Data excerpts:
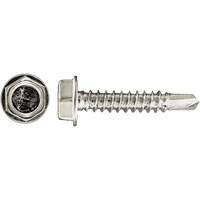 100-Piece Drill-X&reg; Hex HD Tapping Screws, #12 Dia., 1-1/4" L, Zinc Plated Equipex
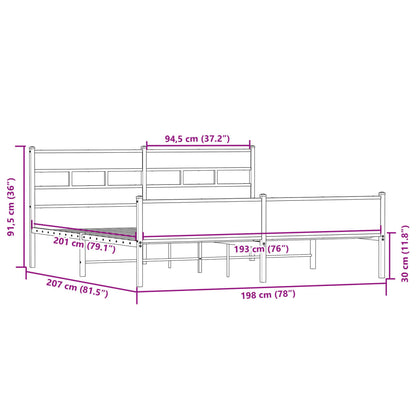 Estrutura de cama sem colchão 193x203cm metal carvalho sonoma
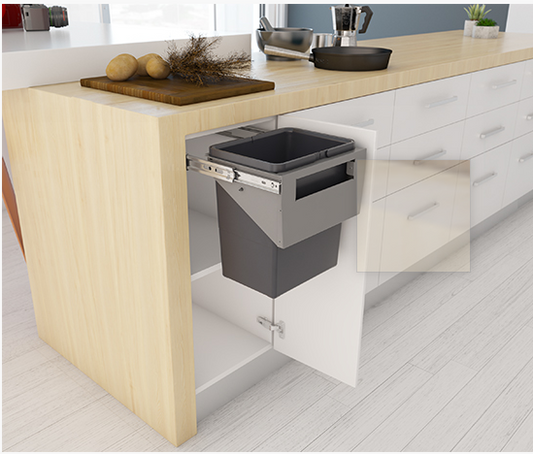 Tanova NZ Simplex Pull Out  Soft Close Kitchen Bin - Width 200mm ,300mm and 350mm Behind Door Handle type Cabinet - 1 x 8Litre , 1 x 10Litre ,1 x 12Litre ,1 x 15Litre ,1 x 18Litre & 1 x 24Litre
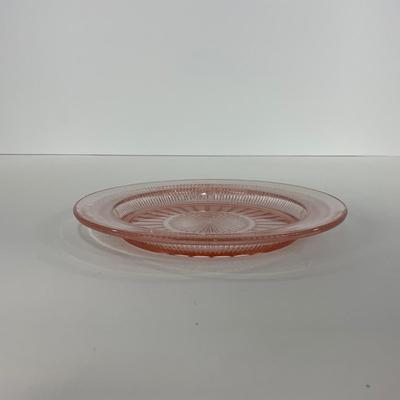 -66- GLASSWARE | Coronation Hocking Glass Co. | Pink Depression Plates & Sherbet
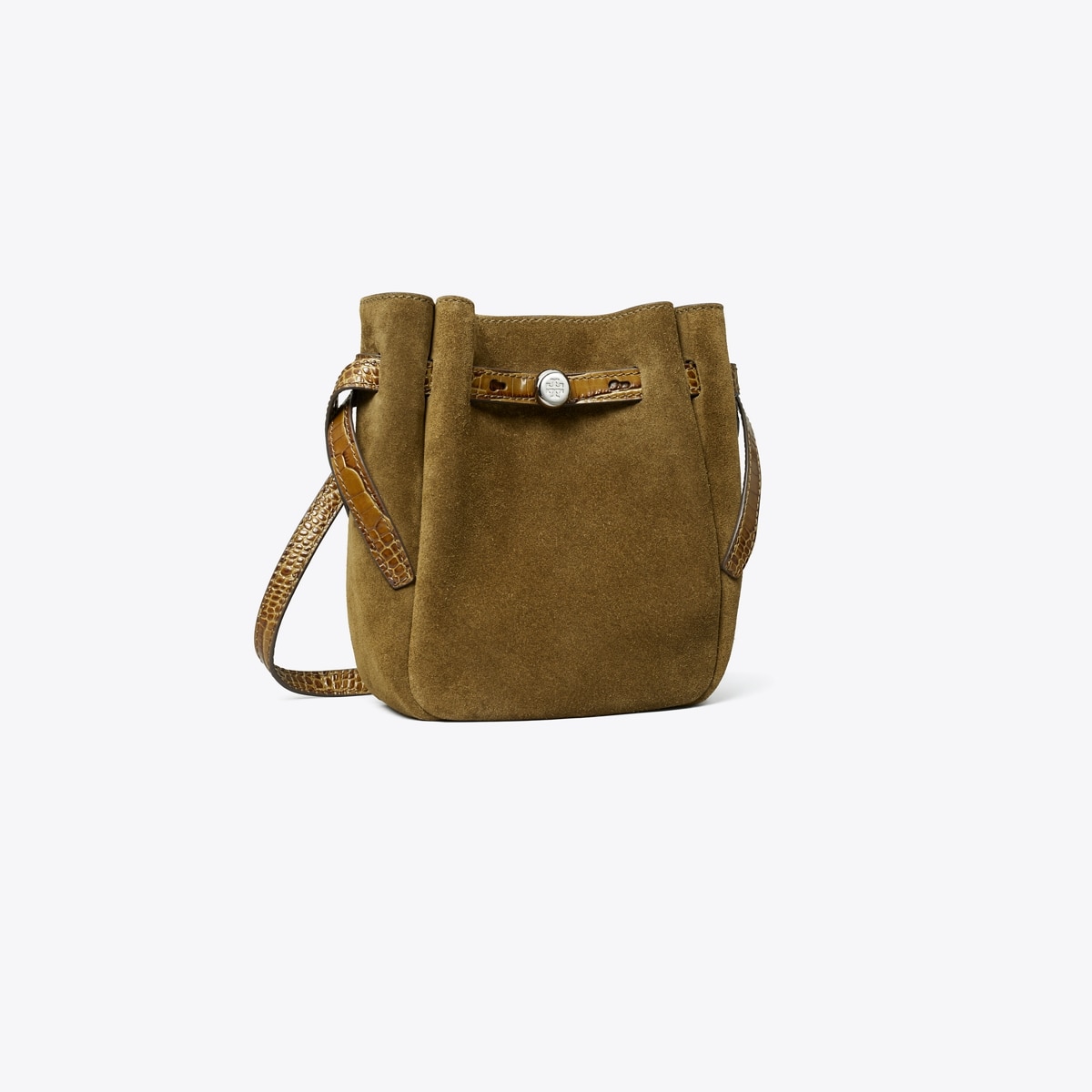 Small Romy Suede Crossbody in Green, Size Os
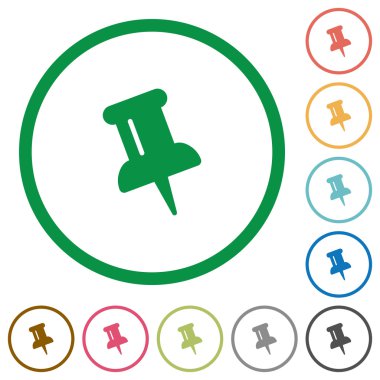 İğneye düz simgeler özetlenen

Exercise description: What is needed is an exact transcription of the lines from the one holding "Small Romy Suede Crossbody in Green, Size Os" to the end of the data, with every picture left out.

Task output:
 Small Romy Suede Crossbody in Green, Size Os
 İğneye düz simgeler özetlenen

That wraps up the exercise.